D: La proposta di pubblicazione dopo quanto tempo è arrivata?

D.T.: Circa un mese tra primo invio e proposta di contratto, Chiara si è dimostrata da subito interessata al romanzo ed è stata velocissima nel dare una risposta.

D: Potresti parlarci del tuo libro In Nomine Patris e della collaborazione musicale che è nata con il tuo gruppo?

D.T.: In nomine Patris tratta di una guerra indetta dal Dio dell’universo, suo malgrado, che coinvolge otto mondi diversissimi per razza, cultura e tecnologia. Teatro dello scontro è un complesso aldilà, in cui s’incrociano i destini di otto guerrieri scelti dalle dee dei loro rispettivi pianeti, e alla cui sorte è legato il destino ultimo della loro intera razza.

Questi otto guerrieri, sacrificati dalle loro dee in un istante preciso, si ritroveranno insieme nei regni dei morti. I loro peculiari tratti caratteriali li porteranno a scontrarsi, a unirsi in precari legami d’amicizia, a cambiare loro stessi e gli altri sotto la costante minaccia che incombe sui mondi da cui provengono, e che grava sulle loro spalle. Due di loro in particolare, Reler e Breena, tenteranno d’opporsi al fato e alle millenarie leggi che lo governano.

La trama e gran parte delle vicende narrate nel libro, poi, nascondono allegorie e metafore con cui cerco di dare la mia interpretazione “filosofica” del mondo, dell’animo umano e della società contemporanea. Ci sarebbero molti altri aspetti da menzionare, più o meno nascosti, ma rischierei di diventare tedioso e dunque mi fermo qui.

La collaborazione con i Sensorium, band symphonic metal di Padova, è nata grazie alla mia conoscenza del loro ex tastierista. La loro proposta musicale si adatta benissimo alle atmosfere del romanzo, quindi in origine avevo proposto loro di fare uno o due pezzi dedicati al libro, poi fortunatamente hanno deciso di comporre un intero concept album, che verrà distribuito sia singolarmente che, grazie al supporto di Linee Infinite, anche assieme al libro.

Comunque ci tengo a precisare che la nostra è una collaborazione paritaria, io non faccio parte del gruppo e a loro è lasciata la totale libertà espressiva e musicale, com’è giusto che sia.

D: La copertina è stupenda! Sono stati gli illustratori di Linee Infinite o l’hai proposta tu?

D.T. :L’illustrazione è opera di Corrado Vanelli (http://www.landofsecretarts.com). È un illustratore dal talento straordinario, avevo già visto alcuni lavori che aveva fatto per altri libri di Linee Infinite, e questo è stato uno dei motivi per cui ho inviato il manoscritto anche a loro. Logicamente ho richiesto di poter avere una sua illustrazione non appena ho avuto il contratto in mano!
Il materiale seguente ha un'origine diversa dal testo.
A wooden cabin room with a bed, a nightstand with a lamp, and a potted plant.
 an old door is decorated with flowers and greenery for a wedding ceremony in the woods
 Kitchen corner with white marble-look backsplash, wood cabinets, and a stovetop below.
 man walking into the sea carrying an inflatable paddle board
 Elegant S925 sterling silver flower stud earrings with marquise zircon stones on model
Tra l’altro è una persona squisita e mi è piaciuto veramente molto lavorare con lui.

D: Hai un agente che ti rappresenta?

D.T: Al momento no, non ne ho mai avuto bisogno e ho sempre preferito gestirmi da solo, tra l’altro allo stato attuale penso che sarebbe più un costo che un beneficio.

D: Cosa consiglieresti a un giovane esordiente? Quali passi dovrebbe fare?
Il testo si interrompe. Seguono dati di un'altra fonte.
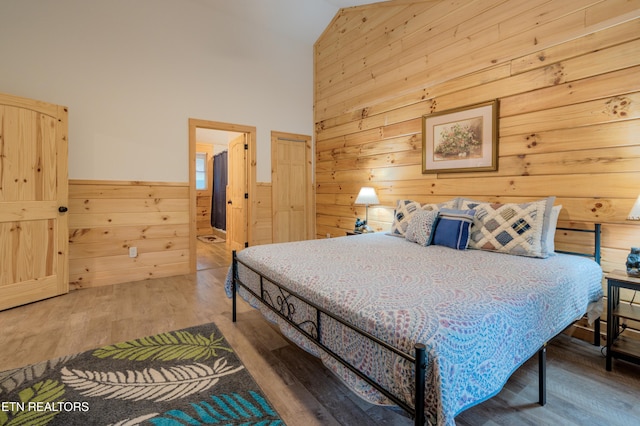 1646 Misty Hollow Way, Gatlinburg, TN 37738 - bedroom with wood walls, wood finished floors, high vaulted ceiling, and a wainscoted wall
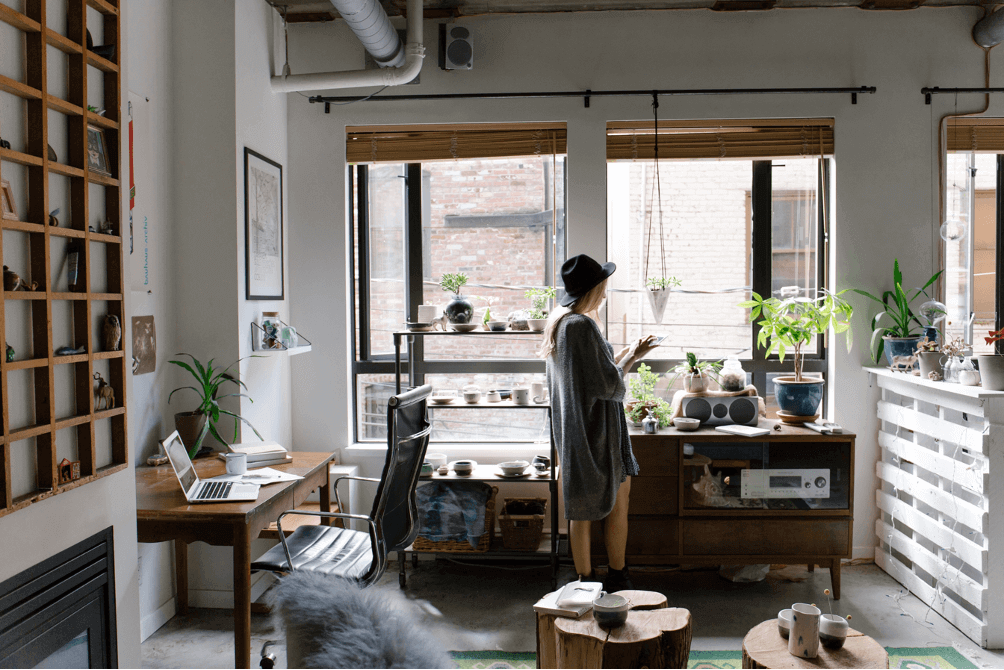 woman looking out of her apartment window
D.T.: Tanto per non ripetere sempre le stesse cose, a quanto ho detto in passato (umiltà, pazienza e costanza, oltre al monito “niente editori che chiedono soldi per pubblicare”), aggiungo di non farsi prendere dall’ansia da pubblicazione. Avere tra le mani un contratto senza contributo non implica l’aver ottenuto un buon contratto. Leggete bene, trattate le clausole che non vi piacciono, insomma cercate di trovare un accordo soddisfacente. Firmare un contratto editoriale significa iniziare un rapporto di lavoro che può durare anche anni, non fatelo senza avere fiducia in chi ve lo propone o accettando clausole che non condividete.